Stepping close to her husband, she cried, “Now we must never give up, never! Never! Now the Congress must vote for independence. Now they will!”
She turned to her sons, who were gaping, frightened by her, but stirred to their hearts. “Boys, nobody must ever give in to a bully because he has a big club! This is more than a quarrel between two countries. It’s between what makes life worth living, and what makes you ashamed to be alive. In that fight, if the bullies come out on top just because they are strong, it will be shame, shame for everybody — everywhere, forever! Never forget that, my sons!”
They ran to her now, they put their arms around her. She felt as strong as a pillar. Over their heads, she said to her husband passionately, “If I could, I’d shoulder a musket and go out to fight alongside you.”

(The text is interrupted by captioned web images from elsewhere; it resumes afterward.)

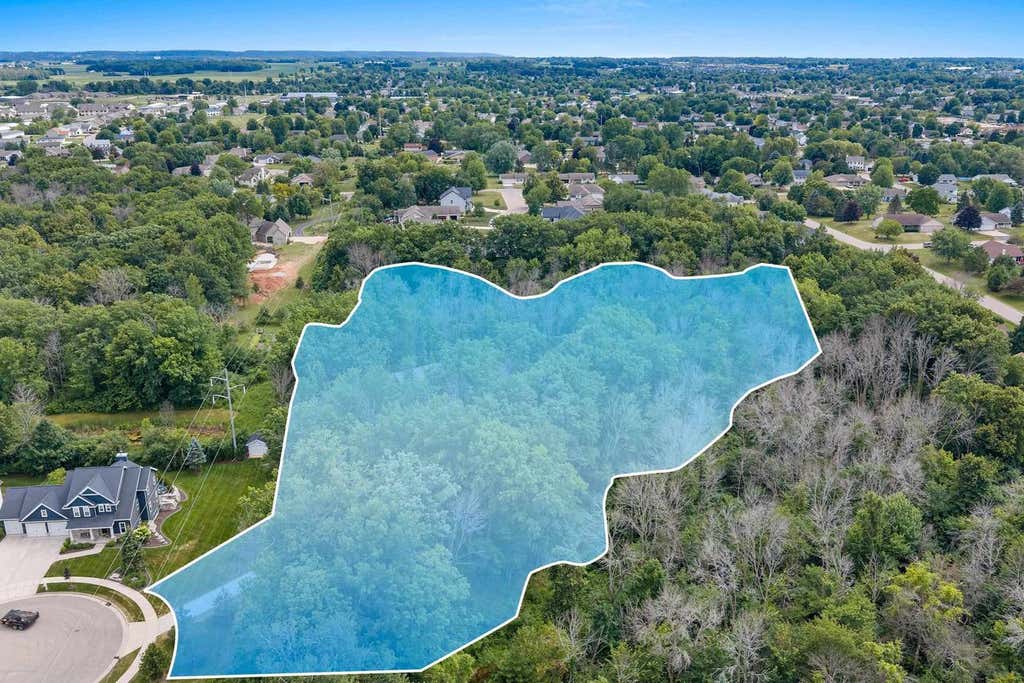 Photo of 635 Ruys Woods COURT, Combined Locks, WI 54113 (MLS # 50330110)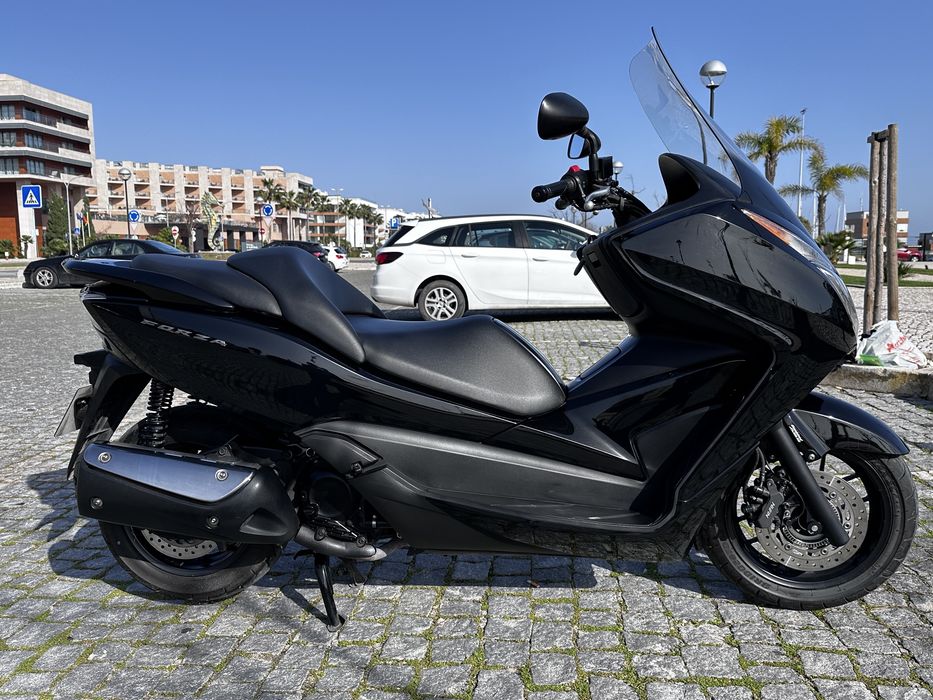 Honda Forza 300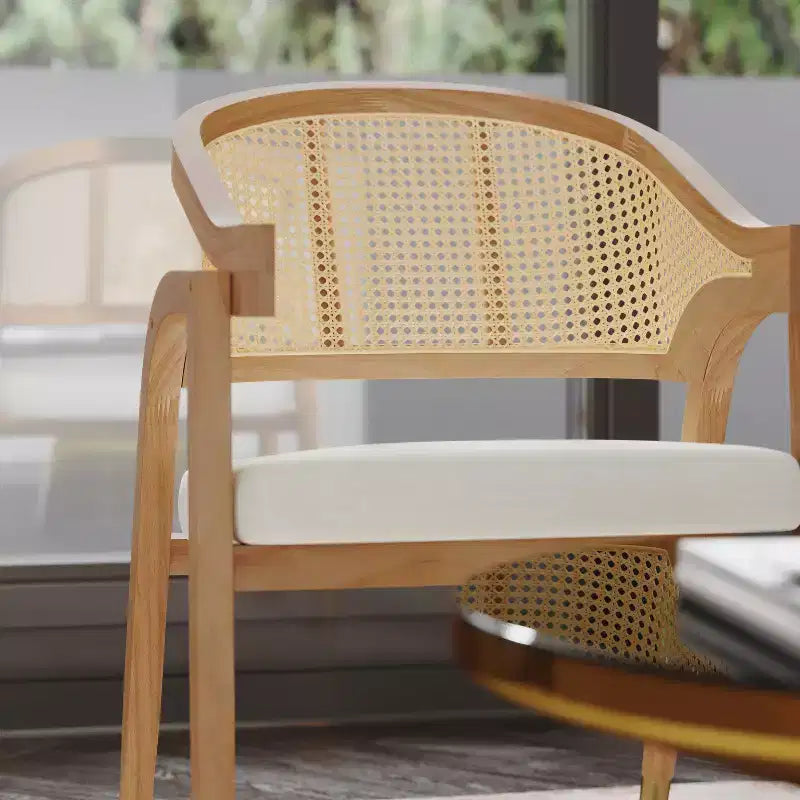 Sedia da pranzo o d'accento Emma e Oliver in rattan con struttura in legno massello, schienale intrecciato e seduta imbottita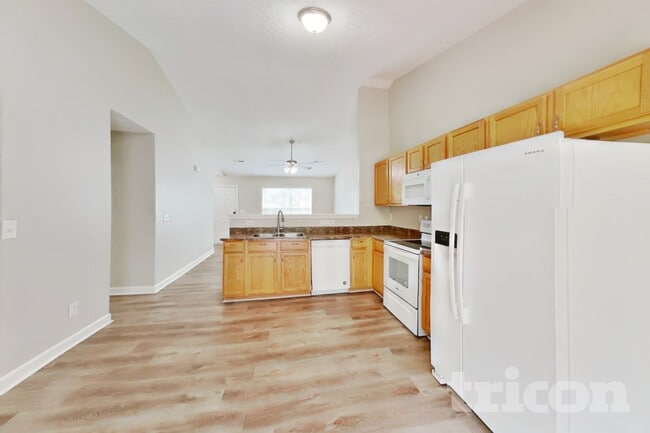 Building Photo - 649 Belgium Dr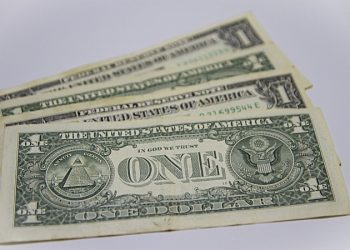 Economia: Banco Central anuncia leilões extraordinários de dólares nesta sexta (20)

“Well–!” said their father. He hadn’t even taken his hat off yet. He did now. Holding it in his hand, he bowed before his wife, lifted her hand in his, and kissed her fingers.
Pause to take it all in…
There’s some moral clarity for you. There’s some hero-worship and some “worship” of great ideas and values.
Our Independence and the Constitution by Dorothy Canfield Fisher is a story well worth reading. And it’s a more objective presentation of the American Revolution and its meaning than you’ll find in much of modern history.
Why does Mrs. Fisher present the American Revolution and the Founding Fathers positively, but much modern history presents them neutrally or negatively?
What are their motives? What are the reasons for what they say?
A caveat to Our Independence: The author, Mrs. Canfield, is no philosopher or theoretician of politics or economics. So, she seems to get some things wrong. She does not seem to grasp the importance of property rights. Without property rights, we cannot put any of our other rights into practice. Having the “freedom” to think and believe whatever you want as long as you keep your thoughts in your own head and do not act on them is no freedom; it is captivity.
Does not having the right to property — the right to control and dispose of your house, car, clothes, food, money, savings, cell phone, couch, movie collection, books, pens, paper, computer, Facebook profile — affect your right to speech, liberty, life, and happiness?
Yes, the Founding Fathers were against wealth and privilege of the nobility in a monarchy, but they were not against wealth and they did not denigrate or disappreciate property. The Founding Fathers wanted a political-economic system that would protect the property and wealth of an individual when it was begotten through hard work or fair trade with another individual; they did not want to protect or make possible wealth obtained by using government force, favors, privilege or position.
Mrs. Canfield also gets off base in having the mother say “We have disagreed with [the King] about taxes. The quarrel is about money!”
I understand that the mother is just a character in the book, but she is supposed to be summing up what is going on in world affairs, not giving her own view. That is the purpose of her speech at that point in the book — as I remember it; I have not read the book in a long, long time.
The “quarrel” was about the divine right of kings vs. the natural, individual rights of Americans. It was the concept of monarchy picking a fight with the concept of a constitutional republic based on individual rights. The King did not send an army over to the Americas only to get taxes he wanted (there’s a real “Robber Baron” for you!!); he sent an army over to the Americas to subjugate the people in diverse aspects of life and he sent an army over to put force behind his demand that Americans obey the divine right of Kings.
In spite of some faults, Our Independence is a very good story. It shows a respect for ideas, a respect for rights, a respect for and worship of the American Revolution in historical context, and a respect for and worship of the Founding Fathers. Recommended.